Work instruction: Could you return the entire listing below exactly as written?

Supplied material:
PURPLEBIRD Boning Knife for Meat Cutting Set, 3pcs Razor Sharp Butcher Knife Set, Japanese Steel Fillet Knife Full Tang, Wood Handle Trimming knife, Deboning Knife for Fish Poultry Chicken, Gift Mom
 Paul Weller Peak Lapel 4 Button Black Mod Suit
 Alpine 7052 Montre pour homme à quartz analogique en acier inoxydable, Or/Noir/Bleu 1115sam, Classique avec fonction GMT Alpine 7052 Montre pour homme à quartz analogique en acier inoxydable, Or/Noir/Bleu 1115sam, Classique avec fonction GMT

Exercise solution:
PURPLEBIRD Boning Knife for Meat Cutting Set, 3pcs Razor Sharp Butcher Knife Set, Japanese Steel Fillet Knife Full Tang, Wood Handle Trimming knife, Deboning Knife for Fish Poultry Chicken, Gift Mom
 Paul Weller Peak Lapel 4 Button Black Mod Suit
 Alpine 7052 Montre pour homme à quartz analogique en acier inoxydable, Or/Noir/Bleu 1115sam, Classique avec fonction GMT Alpine 7052 Montre pour homme à quartz analogique en acier inoxydable, Or/Noir/Bleu 1115sam, Classique avec fonction GMT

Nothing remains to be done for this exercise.